The relative importance of diet-related and waterborne effects of copper for a leaf-shredding invertebrate

Copper (Cu) exposure can increase leaf-associated fungal biomass, an important food component for leaf-shredding macroinvertebrates. To test if this positive nutritional effect supports the physiological fitness of these animals and to assess its importance compared to waterborne toxicity, we performed a 24-day-bioassay in combination with a 2×2 factorial design using the amphipod shredder Gammarus fossarum and a field-relevant Cu concentration of 25 μg/L (n = 65).

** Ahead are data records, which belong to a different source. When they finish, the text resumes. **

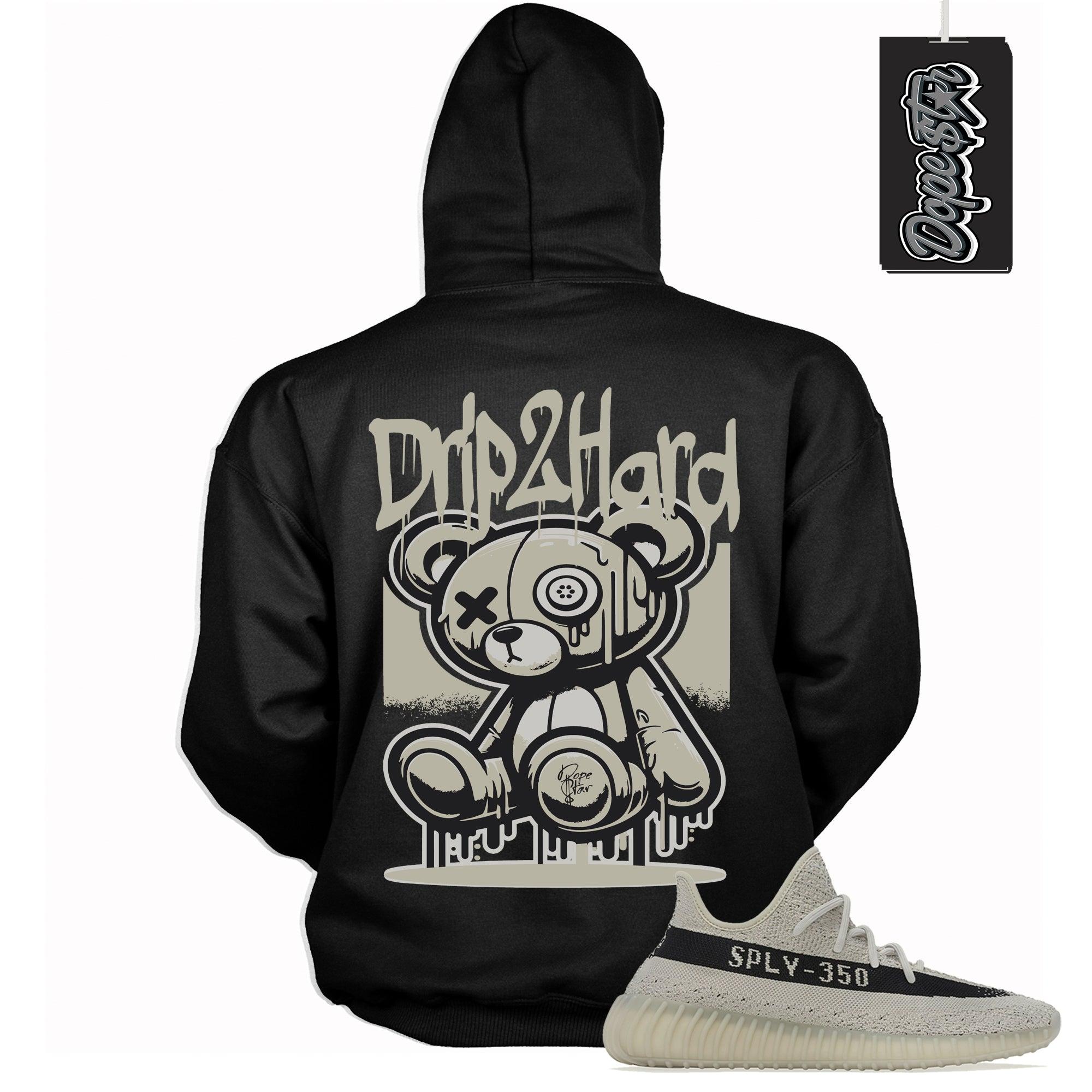 Cool Black Hoodie With Drip 2 Hard design That Perfectly Matches ADIDAS YEEZY BOOST 350 V2 SLATE Sneakers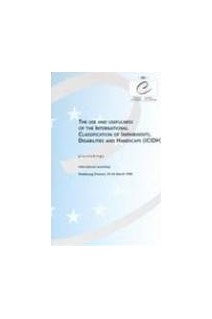 The use and usefulness of the International Classification of Impairments, Disabilities and Handicaps (ICIDH) - Proceedings, Strasbourg, March 1996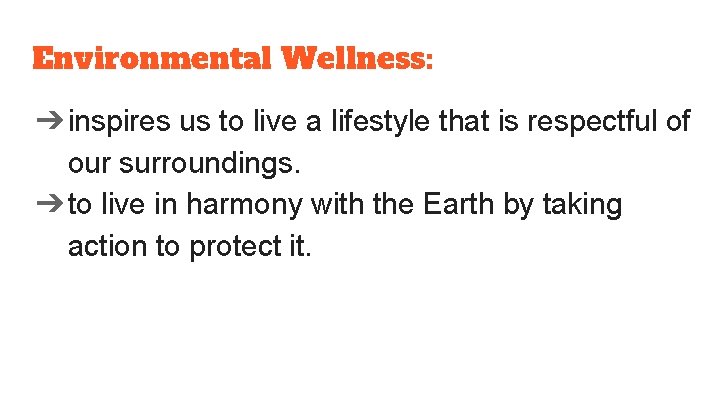 Environmental Wellness: ➔inspires us to live a lifestyle that is respectful of our surroundings.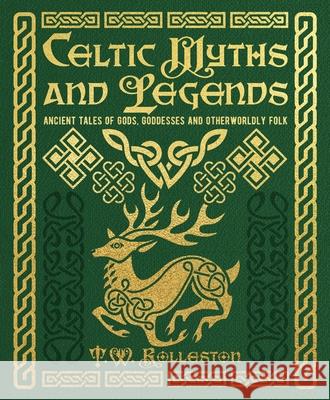 Celtic Myths and Legends T. W. Rolleston 9781398844384 Sirius Entertainment - książka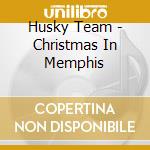 Husky Team - Christmas In Memphis cd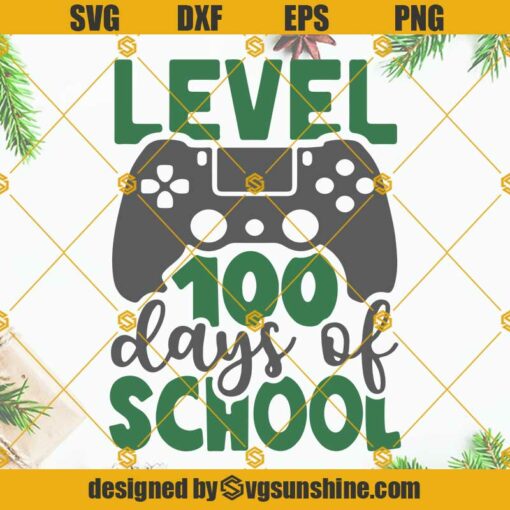 Level 100 Days Of School SVG, 100th Day Of School SVG, Level 100 Days Of School Completed SVG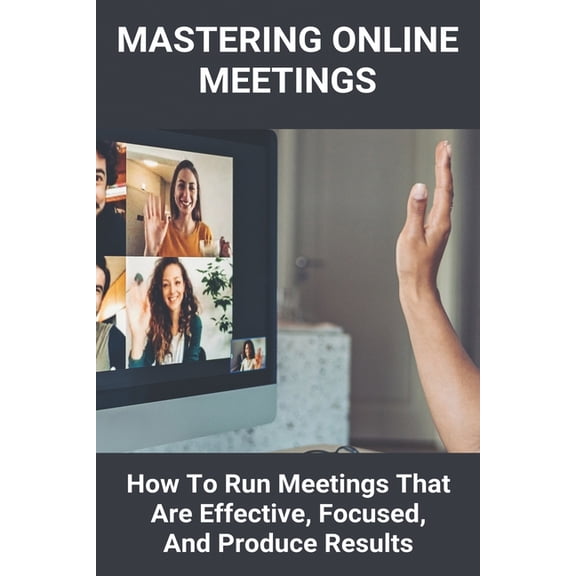 Mastering Online Meetings : How To Run Meetings That Are Effective, Focused, And Produce Results: Conference Call Services (Paperback)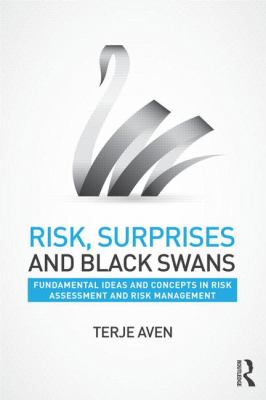 Risk, Surprises and Black Swans : Fundamental Ideas and Concepts in Risk Assessment and Risk Management
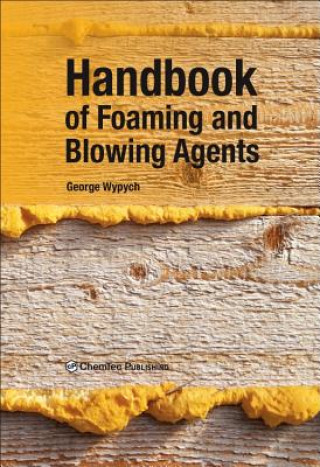 Könyv Handbook of Foaming and Blowing Agents George Wypych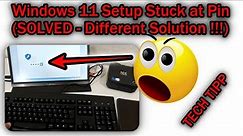 Windows 11 Setup Stuck In Pin Entry (SOLVED With Alternate Solution)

Waterborne toxicity was negligible, while gammarids fed leaves exposed to Cu during microbial colonization exhibited a near-significant impairment in growth (∼30%) and a significantly reduced lipid content (∼20%). These effects appear to be governed by dietary uptake of Cu, which accumulated in leaves as well as gammarids and likely overrode the positive nutritional effect of the increased fungal biomass. Our results suggest that for adsorptive freshwater contaminants dietary uptake should be evaluated already during the registration process to safeguard the integrity of detritus-based ecosystems.